Viavoice-Communic'Art
sur "ce qui choque en Art"
paru dans le Journal des Arts

N° 560
du 5 février 2021.

Communic’Art a demandé à l’institut de sondage Viavoice d’interroger les Français sur ce qui les choque en art, la distinction entre l’œuvre et l’artiste, et le phénomène de la « Cancel culture ». L’étude Viavoice-Communic’Art dont Le Journal des Arts publie les résultats dans son numéro du 5 février 2021 est le premier sondage exhaustif sur la provocation en art
 
 
"JE SENS MONTER UNE MENACE SUR LA LIBERTÉ D'EXPRESSION"
FRANÇOIS BLANC,
FONDATEUR DE COMMUNIC'ART
 
Interview parue dans le Journal des Arts
N° 560 du 5 février 2021
Propos recueillis par Jean-Christophe Castelain
www.lejournaldesarts.fr
 

Pourquoi avez-vous commandé cette enquête à Viavoice ?

Je sens monter, dans le domaine de la culture, une menace sur la liberté d’expression. Tout comme aux Etats-Unis, les universités, les musées et les artistes eux-mêmes, en France aussi, sont entravés par des activistes qui se réclament de minorités et qui exigent le retrait d’œuvres et la mort professionnelle de tel ou tel, parce qu’il aurait offensé telle communauté ou telle sensibilité. D’une façon qui dessert leur cause.
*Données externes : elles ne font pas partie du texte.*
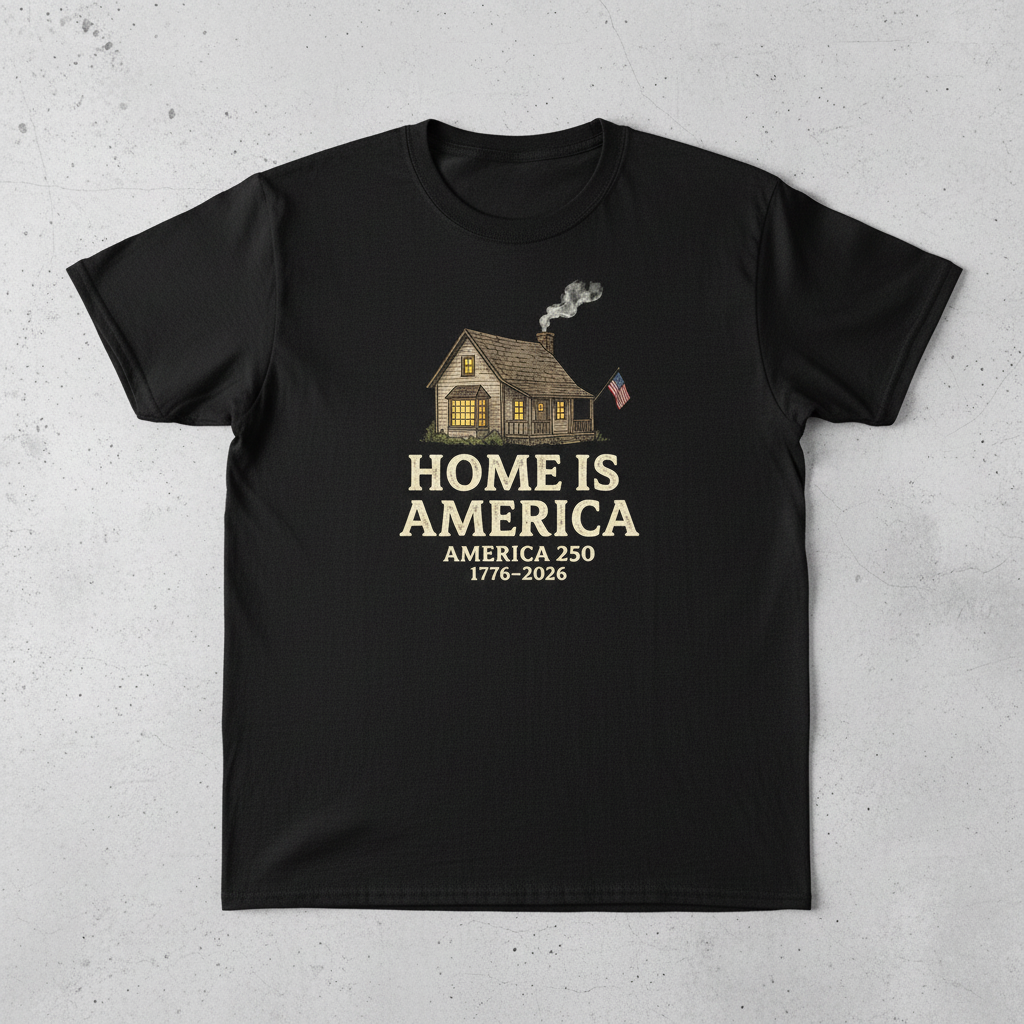 Home Is America — America 250 Tee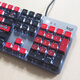罗技（Logitech） K845机械键盘 有线键盘办公全尺寸键盘 电竞游戏发光键盘 吃鸡键盘 diy键帽 情人节礼物 K845【Master】-茶轴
J’ai souhaité interroger l’opinion pour mesurer la réaction des Français à cette menace contre les valeurs républicaines et universalistes qui fondent notre culture et me concernent en tant que citoyen.

Les institutions culturelles sont-elles de plus en plus confrontées à des situations de crise ?
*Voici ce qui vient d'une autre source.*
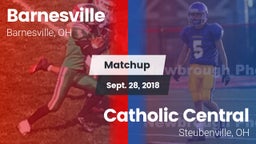 Matchup: Barnesville vs. Catholic Central  2018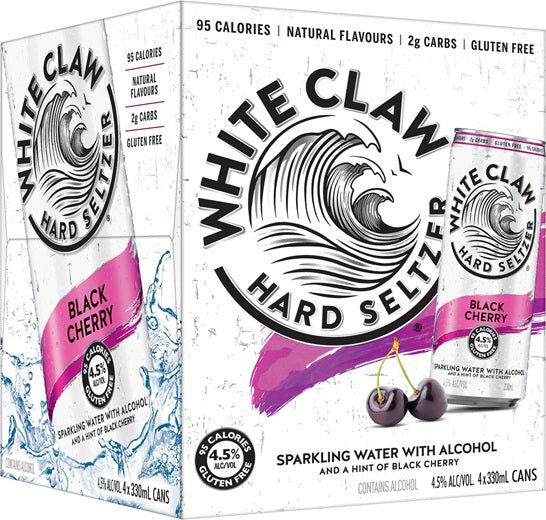 black cherry white claw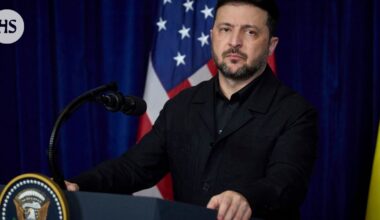 Zelenskyi laittaa puolustusministerinsä vaihtoon | HS.fi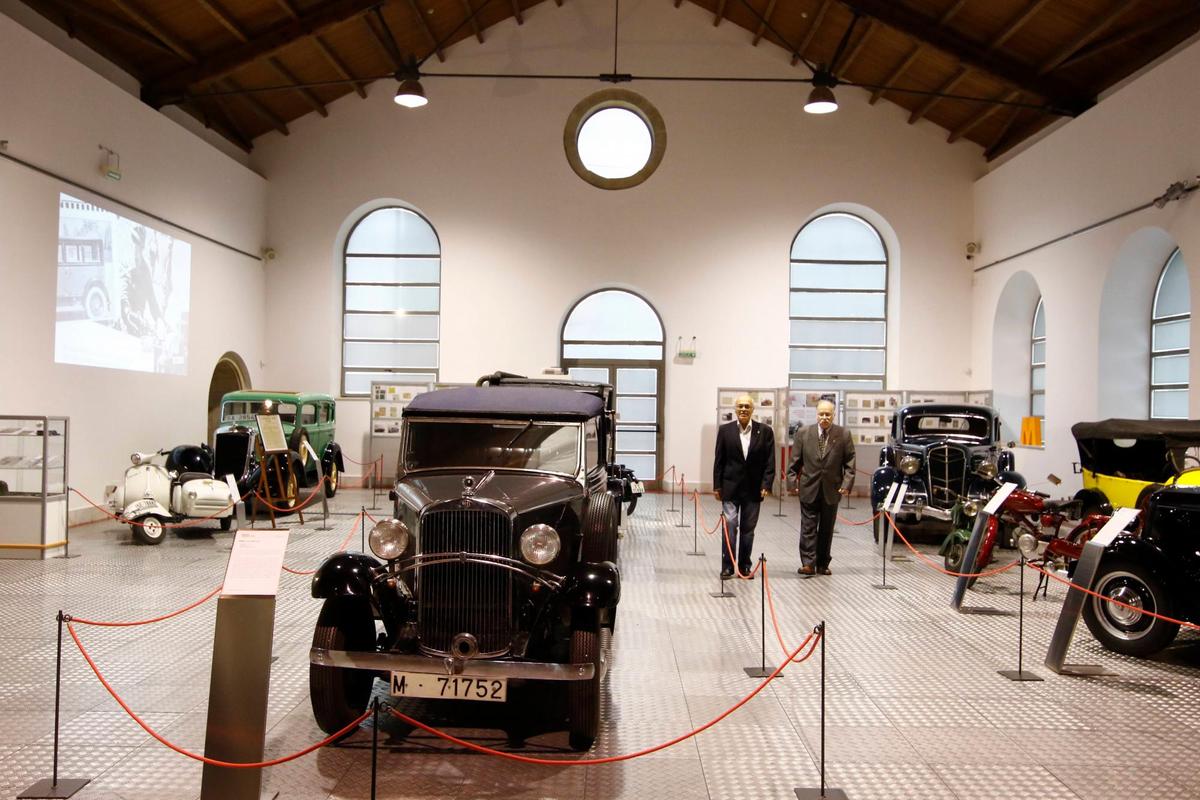 Exposición Automoción y guerra civil. | ALMEIDA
Faut-il rappeler l’exigence de retirer la statue de Colbert, la demande de retrait d’une fresque de Di Rosa à l’assemblée nationale, les pressions anachroniques visant les Suppliantes d’Echylle, la mise au ban de JK Rowling accusée de transphobie ou l’assimilation de Philip Guston au Klu Klux Klan ?

Des campagnes planétaires de dénonciation sur les réseaux sociaux, frappent des musées, des universitaires, des artistes, au prétexte par exemple qu’il est interdit d’évoquer une communauté sans y appartenir.

Les professionnels de la culture, parce qu’ils défendent l’émancipation des individus, sont désemparés pour répondre et résister à l’argumentation biaisée de ces faux antiracistes, de ces faux féministes, de ces faux démocrates.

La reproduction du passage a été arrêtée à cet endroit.